Short substrings as document discriminators: An empirical study

  1. 1. Richard Sandes Forsyth

    University of the West of England

Work text
This plain text was ingested for the purpose of full-text search, not to preserve original formatting or readability. For the most complete copy, refer to the original conference program.

Short substrings as document discriminators: An empirical study
Richard S. Forsyth
University of the West of England
Keywords: Monte-Carlo methods, stylometry, text categorization

1. Introduction
In seeking to capture consistent and distinctive features of linguistic style, stylometrists have used a variety of textual indicators (see: Holmes, 1994). In the majority of stylometric studies, however, the choice of which indicators to use in a given problem is left to the discretion of the investigator. This practice permits the exercise of human judgement, and thus can sometimes save a time-consuming search for suitable descriptors; but it inevitably involves subjectivity. Very often the choice of suitable linguistic markers is crucial to the development of an effective discriminant rule; but, being subjective, it may not be replicable on another problem.
The situation is similar in the related fields of multivariate pattern recognition and machine learning (Everitt & Dunn, 1991; Quinlan, 1993): most studies begin by presuming that a suitable set of attributes or features has already been found. In text analysis this presumption is more than usually questionable.

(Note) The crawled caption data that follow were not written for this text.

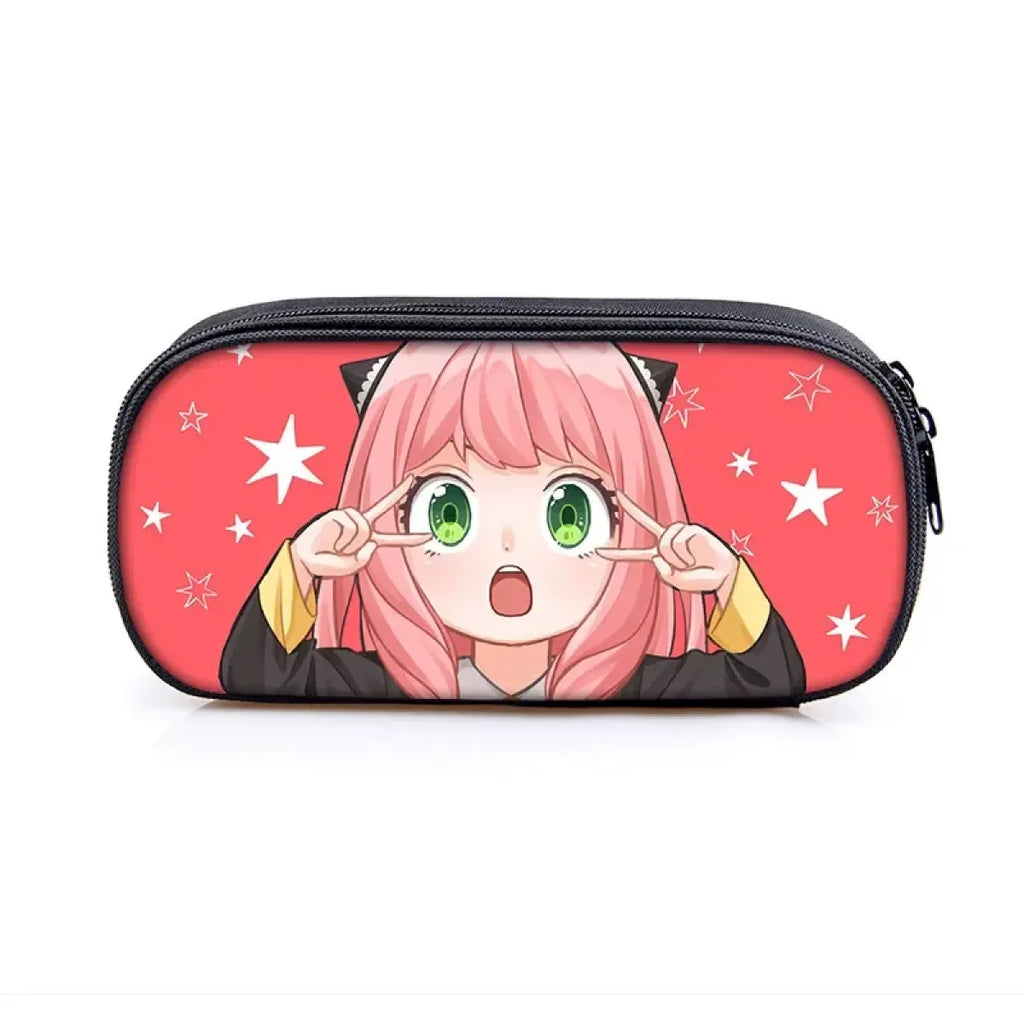 Anya Spy X Family Pencil Case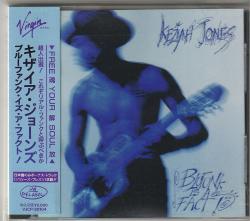 JONES,KEZIAH - BLUFUNK IS A FACT (JAP) SALE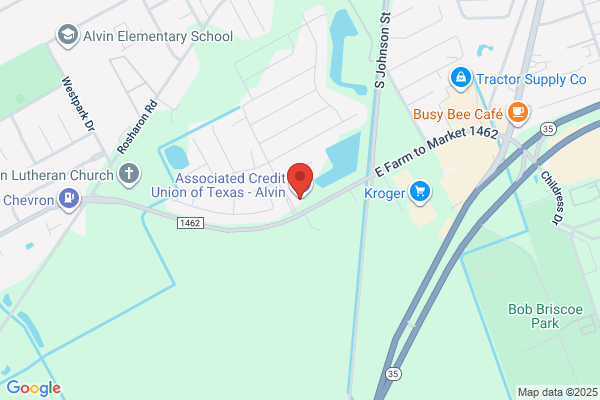 Associated Credit Union of Texas - Alvin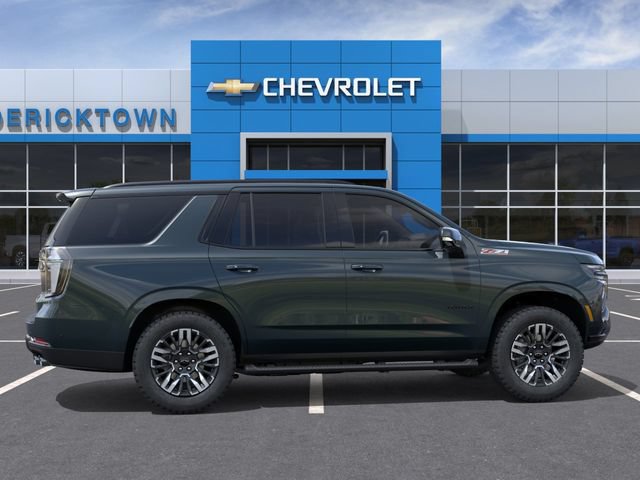 New 2026 Chevrolet Tahoe Z71 w/ Z71 Off-Road Package AWD/4WD image 5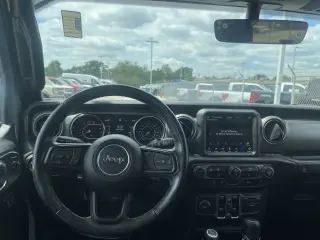 Jeep Wrangler 2023 4x4 Sport 4dr SUV
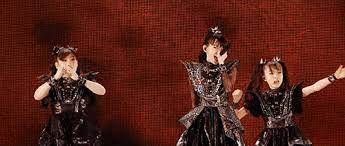 Alpha coders 47 wallpapers 24 mobile walls 10 art 101 images 12 avatars. Babymetal Layered Legend Metal Galaxy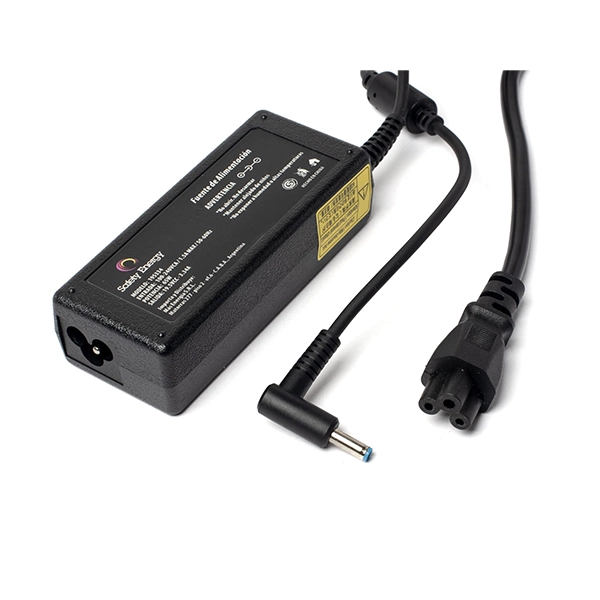 FUENTE NOTEBOOK 195333 HP34 19.5V 3.33A 4.5 X 3.0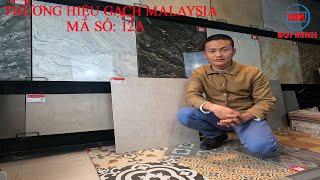 Gạch Malaysia 12A - Gạch ốp lát và thiết bị vệ sinh Bùi Minh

For these and other reasons, a number of studies have appeared recently (e.g. Burrows, 1992; Binongo, 1994; Burrows & Craig, 1994; Kjell, 1994; Ledger & Merriam, 1994; Bayer et al., 1996) in which the features used as indicators are not imposed by the prior judgement of the analyst but are -- to a large extent -- determined by the texts being analyzed. The main aim of the present paper is to advance this trend.

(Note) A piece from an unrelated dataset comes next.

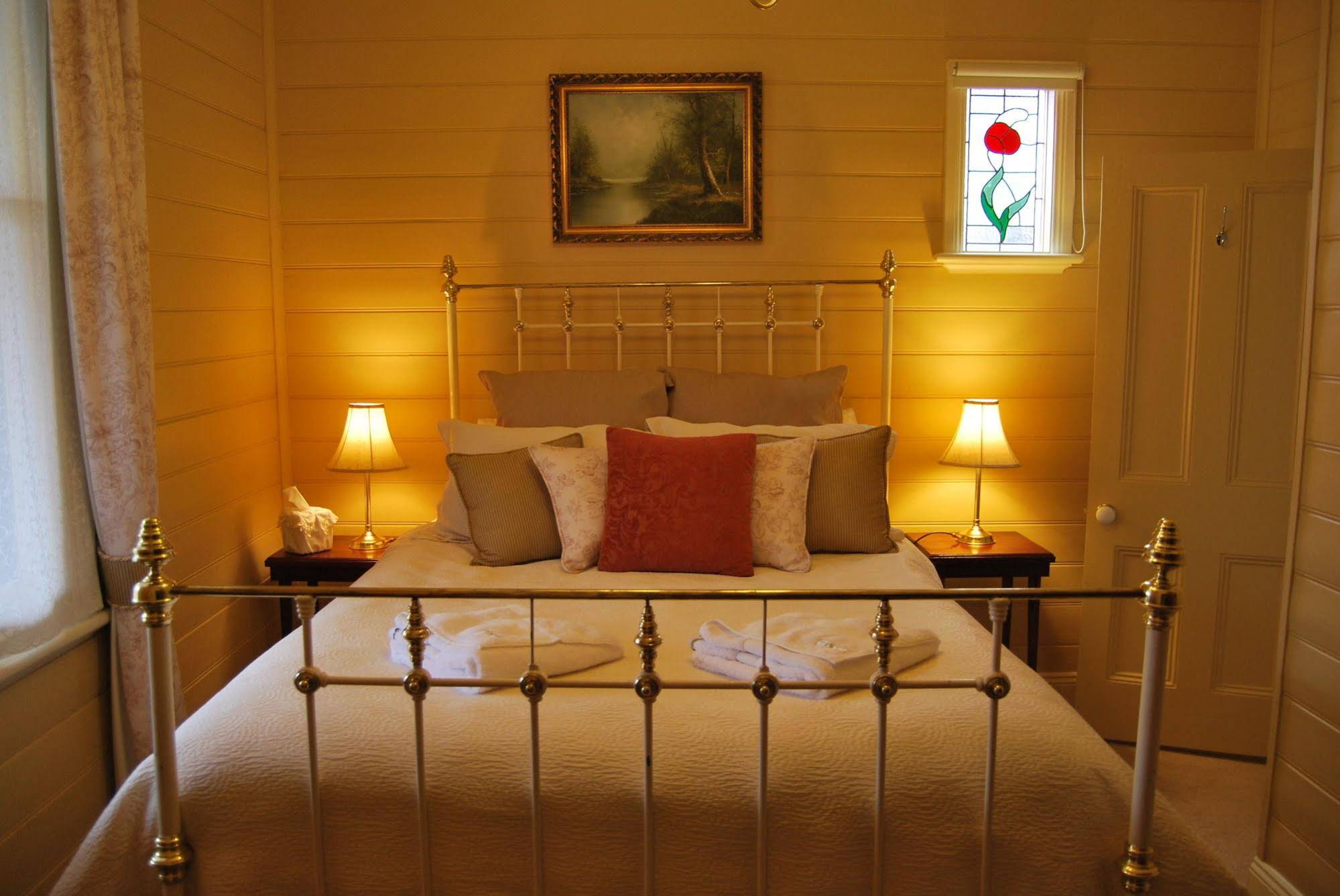 Kelly and Wright Luxury Accommodation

2. Method of Classification Used
As studying the strengths and weaknesses of different classification techniques was not the main focus of this investigation, a simple nearest-centroid classifier was used for the tests reported in this paper. This algorithm, as implemented here, uses a training set of examples with known class membership to compute a centroid (multi-dimensional average) for each category. Then on a fresh or unseen case a measure of distance from each class centroid is computed and the current case is assigned to the category of the centroid which it most resembles. This method is described as "simultaneous key identification" by Sneath & Sokal (1973). It belongs to a class of similarity-based classifiers which McKenzie & Forsyth (1995), among others, have shown to be generally robust in practice.
3. The Bristol Benchmark Suite
In many areas of computing, benchmarking is a routine practice. For instance, when compilers are tested for compliance to a programming-language specification, it is normal to apply them to a suite of benchmark cases and record any divergence from expected behaviour.
Although benchmarking does have drawbacks as well as advantages, it does help in setting objective standards. For example, it is arguable that in the field of forecasting, the work of Makridakis and colleagues (e.g. Makridakis & Wheelwright, 1989), who tested a number of forecasting methods on a wide range of (mostly economic) time series, transformed the field -- leading to both methodological and practical advances.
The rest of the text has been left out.